Why I no longer want to use WhatsApp.
Many of you are probably aware that, for a long time already, WhatsApp is owned by Facebook. To be precise: Facebook bought WhatsApp in 2014 (source). My faith in Facebook was never that great and in 2017 it didn’t get any better because it turned out that Facebook misled the EU during the approval process for the aquisition of WhatsApp. During that process, Facebook stated that they could not combine WhatsApp and Facebook accounts. However, in 2016 they combined the accounts to provide more relevant advertisements (source). That Facebook didn’t learn from the imposed fine of € 110 million needs little explanation (source, source). As if the selling of insight in personal behavior for advertising purposes wasn’t bad enough, it appeared that the data Facebook collected was abused to influence political campaigns. For that, they received a fine of $ 5 billion – reflecting the severity of their crime.
Enough background. I no longer want to contribute to the company. The choices I make have consequences and I am responsible for them. I am sorry I didn’t delete my WhatsApp and Facebook accounts earlier. I consequently have contributed (be it a little) to Facebook’s misconduct. The though of asking all my contacts to switch to Signal made me stick with WhatsApp. I chose for convenience instead my personal values. Hence this message: I stopped using WhatsApp, Facebook and Instagram.
What’s the alternative?
There’re quite a few alternative for WhatsApp (Telegram, Viber, etc.) but there’s one that stands out above all the others: Signal. The company behind Signal is non-profit organization. They have no advertisements and do not collect personal data. Their income comes solely from donations. These facts already sets them apart from all the other but there’s one thing that makes them really special: the have developed the Signal Protocol.
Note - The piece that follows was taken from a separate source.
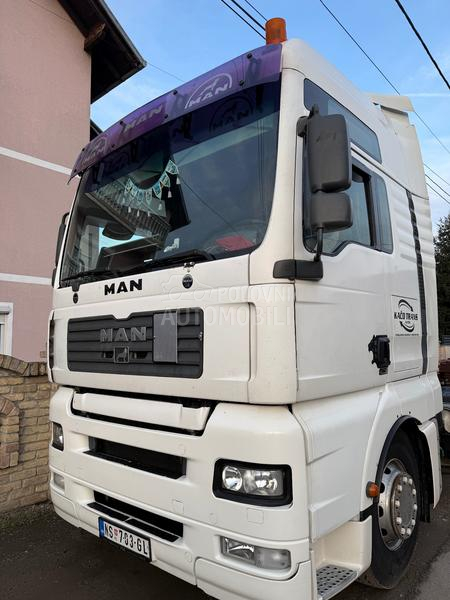 MAN TGA 18.430
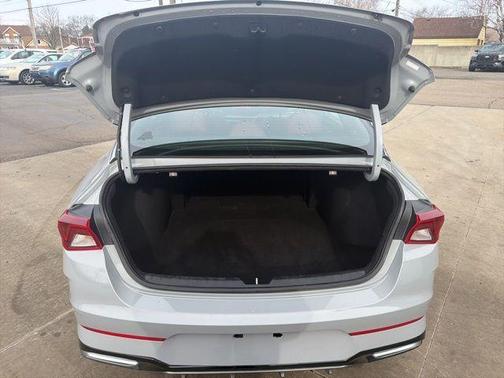 Wolf Gray 2024 Kia K5 GT-Line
The Signal Protocol makes sure no one can intercept your messages while they are on their way to your friends (for example hackers, intelligence agencies, etc.). This is called end-to-end encryption. Signal made this protocol available for public use and made it so well, that it’s not just them who use it, WhatsApp and Telegram use it too, already for over 5 years. Now you might think “Why would I switch to Signal if WhatsApp and Telegram already make use of the Signal Protocol?”. Well, while on their way to the recipient your messages are secure, however, WhatsApp sends your metadata, which includes who you are having contact with, when and how often, to Facebook (source, and here you can read more about metadata). Theoretically, Facebook can also access your entire message history (source). I do not know whether Facebook reads your WhatsApp messages. Facebook does not provide any openness and therefore no one can check it. They ask you to have blind faith in them. I am no so much into blind faith, especially when it regards Facebook.
Signal doesn’t ask you to have faith in them. All their software is open source and public, which means that everyone can check whether they do what they say they do. Therefore you know for sure they do not secretly collect you data.
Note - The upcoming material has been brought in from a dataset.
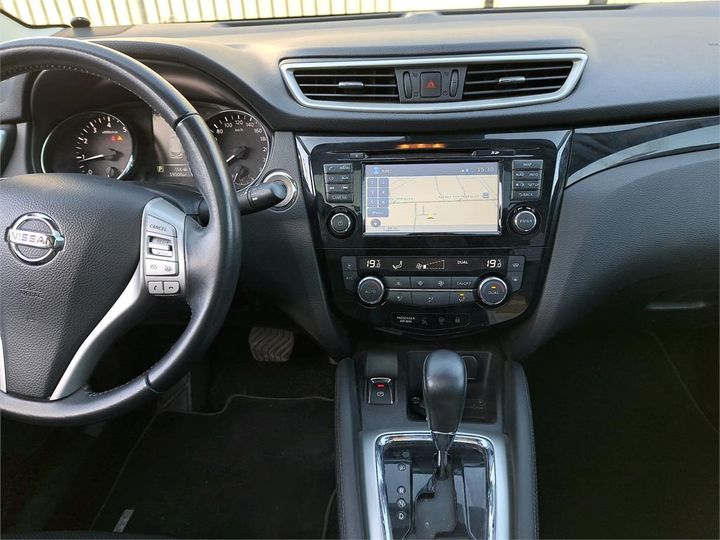 Photo 12 VIN: SJNFEAJ11UZ004839 - NISSAN QASHQAI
All in all, in almost every aspect Signal is the opposite of Facebook/WhatsApp and therefore it is a fantatic alternative for WhatsApp. There’s one thing they have in common: their Apps have the same feautures and are easy to use. Last year, great progress has been in Signal and there’re no longer features I miss. And the small difference in ease of use? That’s a price I pay wholeheartedly for no longer supporting Facebook.
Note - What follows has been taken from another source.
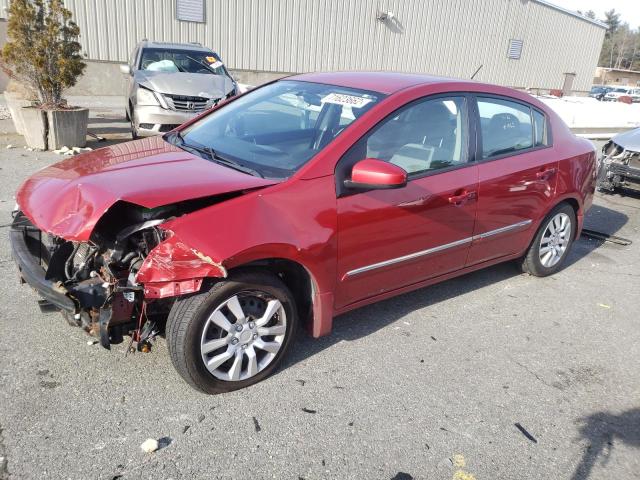 NISSAN SENTRA 2.0 2010 3n1ab6apxal656307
Do you also switch to Signal?
Why I didn’t switch to Telegram.
Telegram, as opposed to Signal, doesn’t provide full openness about their software. You have to have faith in them. Moreover, Telegram says they are non-profit, however, their choices do not seem to reflect that. Instead of being a non-profit organisation, they are enrolled as commercial business and they do not provide openness nor do they explain where they get their money from.